I'm nothing if not consistent. :slight_smile:

One really important thing that you don't seem to understand, that is, Presidents can compromise, movements NEVER compromise.


#11

Different times call for different measures. I would not trust any of the politicians with one more dollar of my money. They've proven themselves to be incapable of paying down debt. What they do is spend what they have rack up debt and then ask for more.


#12

Regardless as to whomever "claims" Reagan; the Presidential Nominee of the GOP will tell us a lot about the direction the Party is headed, at least for the foreseeable future.

Mufasa


#13

Just a minor point in this, Mufasa, but you must realize now that when politicians speak of raising revenues, they are no longer speaking of an increased GDP, they are talking about raising taxes.

We are no longer constituents. We are the source of revenue.

There have been some sneaky little plays on words that have popped up the past few years like "Creating new revenues" and "expanding our revenue base" or "we can't cut revenues at this point" which requires some scrutiny of what the hell they actually mean by that.

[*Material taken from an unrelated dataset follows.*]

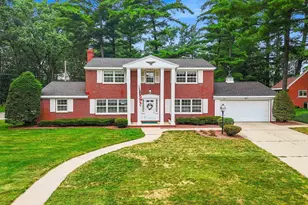 1518 Shannon St, Green Bay, WI 54304 - Photo 1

The thing is, they are looking at their budgets, which are based on our tax dollars, and by increasing "revenues" what they really mean IS raising taxes, creating new ones, and broadening existing regulations to require more and higher permit fees to do business and maintain requisite licenceure.


#14

There is no place with greater expertise in "Creative Financing" and "funny numbers" than Washington.

Mufasa


#15

Though it was touched on already, the Media has a much more prominent role in elections. They can simply pick winners with selected coverage, out of context quotes and downright falsification. Theyre reveling in this, with the armchair quarterback commentators discussing the X's and O's as if it were an NFL game.

I do not think Reagen had the support/opponent that the modern day media is. Granted, he had the looks and charisma that are favorable to the media, but today its a whole different ball game. Couple that with the decrease in any sort of journalistic standards and you have Jersey Shore Presidential Elections.

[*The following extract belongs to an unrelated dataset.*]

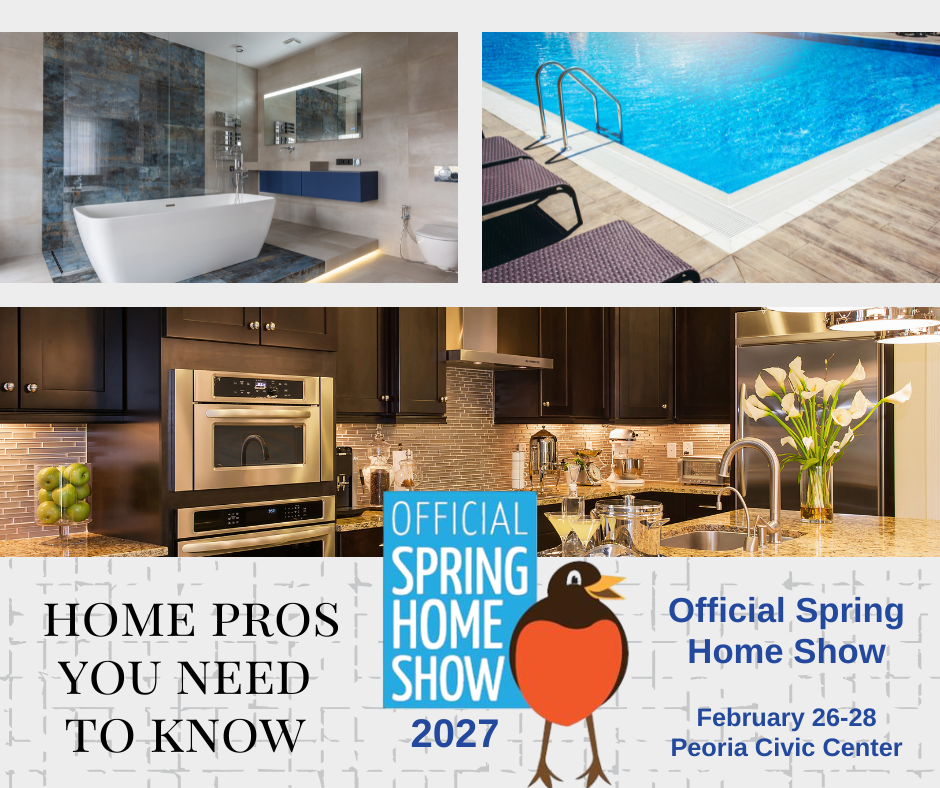 Find Home Pros You Need To Know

Many of these debate questions are erroneous to any sort of national concern, and primarily used to make a circus out of the candidates, which they gleefully fall into.

I do agree that this GOP nomination will show exactly where the party is heading towards, as it is far from united.

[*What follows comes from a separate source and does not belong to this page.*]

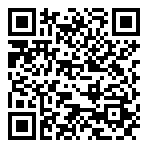 QR-Code - Greenager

And for Skyzyk, there is an article by George Orwell regarding Political language and its purposeful use of confusing and senseless jargon. Not that that jargon is any suprise to PWI, but look at how heated and emotional the everyday constituents become over these issues without even understanding the context. "Oh we SHOULD raise revenues! Great idea! And we're gonna have jobs created by gubbiment! AND SOCIAL SECURITY"...


#16

Reagan was not a conservative. He spoke in conservative libertarian rhetoric but he was a statist just like all the rest -- except for Ron Paul of course.

A true conservative would not have built up the military industrial complex and grown the national debt like Regan did.

If that is all you got your beloved GOP is dead.


#17


This is what a conservative looks like.


#18

You're confused Lifty, Paul is a libertarian, and an odd one at that. Reagan was a conservative in the same mold as the father of the modern conservative movement Barry Goldwater. Goldwater coined the term "peach through strength" and was a very prominent military hawk.

You should really read up on conservatism before you drag out poor old Ron Paul as the epitome of such.

ZEB


#19

Words don't mean anything. Only actions. Regan grew government and the debt just like a silly democrat would (heck, by those standards Clinton was a better conservative than Reagan).

Ron Paul is both a conservative and a libertarian (the ideas are not mutually exclusive). And a very principled man, at that.


#20

As I said Barry Goldwater was the modern day leader of conservatism. And he would not have looked at Ron Paul as a conservative. Read up on Goldwater, let some real conservative light into that libertarian brain of yours.